Additionally, although ferritin is reported as an acute-phase protein, there is literature lacking in reporting the particular modified levels, leading to a misunderstanding regarding its interpretation [80]. In a recent meta-analysis published by Zeng [81], ferritin had been considered only in 4 of the 16 studies analyzed, but he underlined that ferritin levels could classify COVID patients’ severity. This reflects the fact that very few studies at the moment consider iron metabolism in COVID and non-COVID patients.

Physiologically, ferritin production occurs when intracellular iron concentration augments, with iron being stored in the form of ferritin and subsequently expelled from the cell. Intracellular iron accumulation occurs in two main modalities: hyperexpression of Transferrin receptor 1 which internalizes transferrin, and hepcidin expression. Hepcidin inhibits iron ions expulsion blocking ferroportin, which is the only siderophore of the cells [82].

Collectively, low iron levels can lead to anemia, whereas high levels cause excessive oxidative stress that damages cells/organs. On the other hand, both low and high body iron levels increase the risk of infection [83]. Those aspects show the significance of iron homeostasis in the body. As such, independent of COVID-19, a pattern of high serum ferritin (iron-storage protein) but low serum iron and low transferrin (iron-carrier protein in circulation) within 3 days of intensive care unit (ICU) admission has been seen in more than 75% of critically ill patients [83], indicating the significance of iron and related proteins in critical illness, and critical illness is seen in COVID-19 cases [84].

Clinically, in a meta-analysis of 25 retrospective observational studies (n = 5350) [85], it was shown that C-reactive protein (CRP), pro-calcitonin (PCT), d-dimer, and ferritin are associated with a worsening picture that includes mortality, severe COVID-19, ARDS, and need for ICU care in patients with COVID- 19. Additionally, ferritin seems to have more than a role as an indicator or consequence of this inflammation, but also actively participates in this process. Ruddell et al. demonstrated in rat hepatic stellate cells (HSC) that ferritin, both H-chain rich (FTH) and L-chain rich (FTL), is more than a consequence of inflammation, but also a mediator of it, through a pathway independent of iron and the TIM-2 receptor [86].

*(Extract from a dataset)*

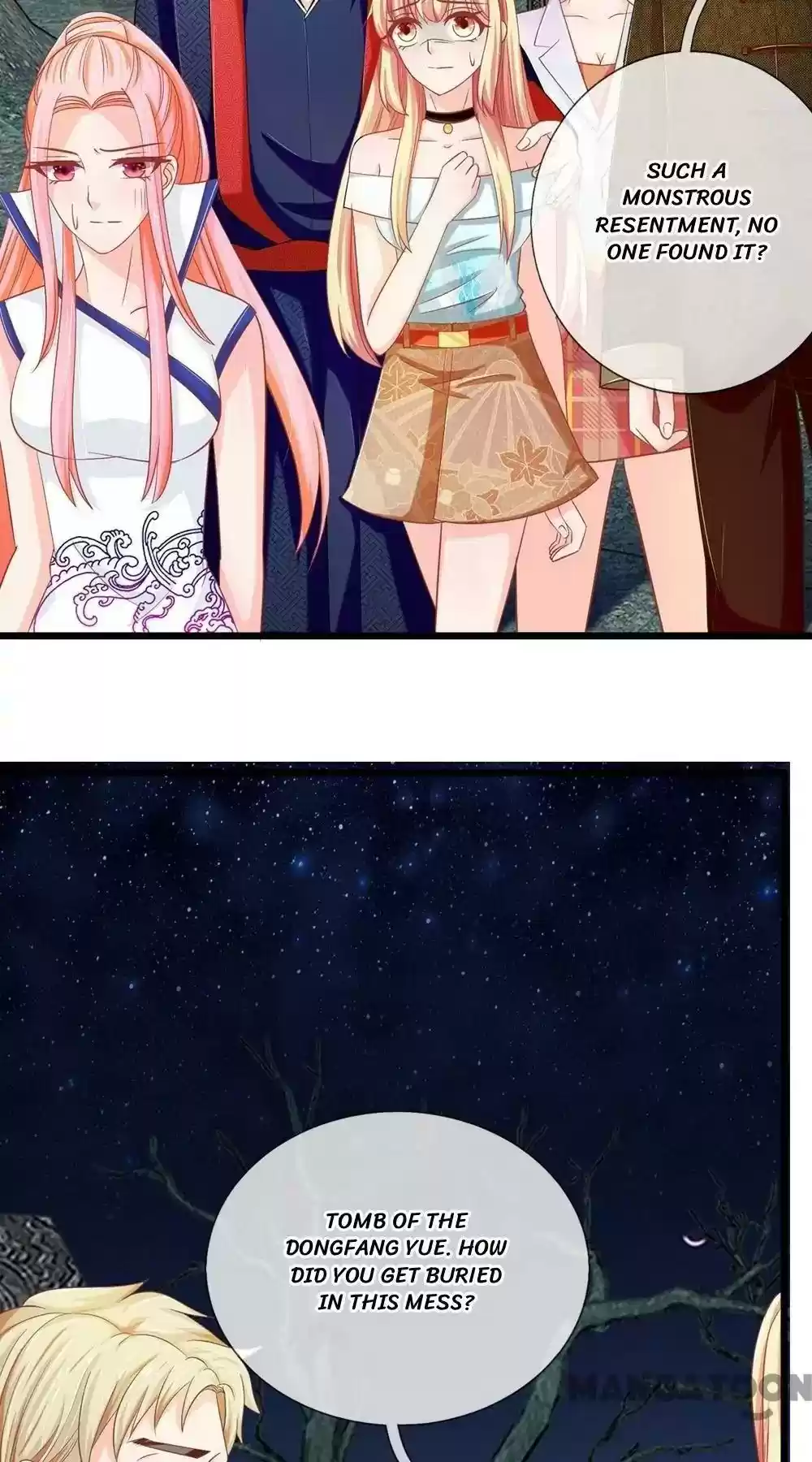 Holding Me Tightly, Ghost Sama Chapter 121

Furthermore, Zhang et al. [87] performed laboratory tests in patients with different severity levels of COVID-19 (mild, severe and extreme severe) and also reported the significant increase of ferritin in patients as the severity of disease (p˂ 0.01), especially when comparing the mild group with the extreme severe group. In addition, CD4+ T cells, CD8+ T cells and B cells gradually decreased with disease severity, showing to be negatively correlated.

The effect of covid-19 infection on hemoglobin, serum iron and serum ferritin levels

Review of the most important literatures published recently about the effect of covid-19 infection on hemoglobin, serum iron and serum ferritin level are listed in the following tables (2-4).

Table 2: The main findings of hemoglobin concentration in (covid-19) patients.

Table 3: The main findings in some reviewed studies with regard to ferritin level.

Table 4: The main findings in some reviewed studies with regard to serum iron measurement

It can be concluded that COVID-19 manifests itself in many complications as well as physiological and biochemical alterations. The current review highlighted the relationship between COVID-19 infection, hemoglobin level, and iron metabolism among COVID-19 patients.